A travers ces grands objectifs, le CCAS de a Ville de Grenoble met en œuvre des missions d’action sociale obligatoires. Mais il est aussi reconnu en France comme une structure menant un certain nombre de missions facultatives comme l’aide sociale et la lutte contre la précarité. Ces missions se traduisent par 5 grandes politiques :
– La politique de développement social : elle se décline à l’échelle des secteurs afin de favoriser et faciliter l’accès aux droits et lutter contre le non recours ; adapter l’offre de service aux réalités de chaque territoire de la Ville ; promouvoir l’action collective des habitants pour améliorer leur vie quotidienne et développer les liens sociaux et la fraternité dans la ville, la mixité entre générations et la compréhension interculturelle.

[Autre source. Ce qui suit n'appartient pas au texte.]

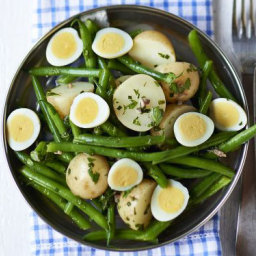 Potato salad with anchovy and quail’s eggs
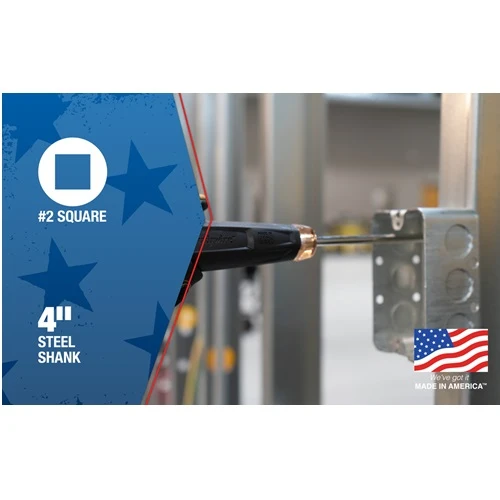 2/4" USA Square Tip Screwdriver Shank SDQ2P4US (Pack 12)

– La politique redistributive et de lutte contre la précarité : le CCAS promeut le principe d’une action sociale pour tous. De nombreuses plateformes ou dispositifs d’aide sont dans le cadre de cette politique relayés auprès de la population par le biais des Maisons des Habitants (MDH).
– La politique d’insertion sociale et de lutte contre l’exclusion sociale : elle mobilise les compétences de différentes institutions (POHI et SATIS ) pour permettre un meilleur accès à l’offre d’hébergement, et soutenir les familles sans référent social ou sans domicile fixe. Elle a aussi vocation à valoriser les compétences de Centres d’Hébergement et de Réinsertion Sociale (CHRS) gérés par le CCAS dont l’action territoriale n’est pas négligeable.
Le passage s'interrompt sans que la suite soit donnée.